The reason was delays in maintenance renewal work as increased passenger traffic on the railways made it hard for the operators to close tracks. But given that the rise in traffic seems to be a long-term trend rather than a blip, what is Jarvis doing about it?

First, it has taken delivery of a new pounds 16m machine that can repair tracks four times quicker than traditional equipment. The only drawback is that the machine can work only on very long lines such as the West Coast Main Line - it is three quarters of a mile long.

Second, Jarvis expects to bid for other big contracts such as the East Coast Main Line. A win here would help the group considerably, since it has high fixed overheads. And Jarvis is looking to boost its other divisions to make it less reliant on rail work which still accounts for nearly 40 per cent of turnover.

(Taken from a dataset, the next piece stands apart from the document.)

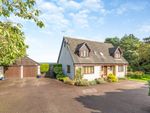 Thumbnail for sale in Morangie Road, Tain, Highland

All this should be underwritten by a huge increase in Railtrack's infrastructure spending, which has recently been raised to pounds 35bn over the next 10 years. Meanwhile, Jarvis hopes to develop its Streamline roads business, bought for pounds 194m last year. It also sees scope to boost its capital projects division, which builds and maintains schools.

This has the potential to rescue Jarvis's damaged stock market credibility. On Peel Hunt's full-year profit forecast of pounds 48m the shares trade on a forward p/e multiple of less than 10.

There is no rush to buy, but Jarvis could be worth climbing aboard next spring.